----- GIVEN DATA -----

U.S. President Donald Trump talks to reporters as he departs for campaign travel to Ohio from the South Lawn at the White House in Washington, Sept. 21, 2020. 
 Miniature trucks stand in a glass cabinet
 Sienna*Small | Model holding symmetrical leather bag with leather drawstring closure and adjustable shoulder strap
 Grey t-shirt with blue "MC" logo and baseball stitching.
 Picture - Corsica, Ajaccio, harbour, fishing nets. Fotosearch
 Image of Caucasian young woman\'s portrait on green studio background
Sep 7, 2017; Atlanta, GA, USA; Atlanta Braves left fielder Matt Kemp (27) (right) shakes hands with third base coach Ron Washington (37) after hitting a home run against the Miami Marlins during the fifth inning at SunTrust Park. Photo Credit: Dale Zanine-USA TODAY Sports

-----

PROBLEM DETAILS
Reproduce only the lines running from the one that contains "Grey t-shirt with" to the last line of the records.

TASK OUTPUT
 Grey t-shirt with blue "MC" logo and baseball stitching.
 Picture - Corsica, Ajaccio, harbour, fishing nets. Fotosearch
 Image of Caucasian young woman\'s portrait on green studio background
Sep 7, 2017; Atlanta, GA, USA; Atlanta Braves left fielder Matt Kemp (27) (right) shakes hands with third base coach Ron Washington (37) after hitting a home run against the Miami Marlins during the fifth inning at SunTrust Park. Photo Credit: Dale Zanine-USA TODAY Sports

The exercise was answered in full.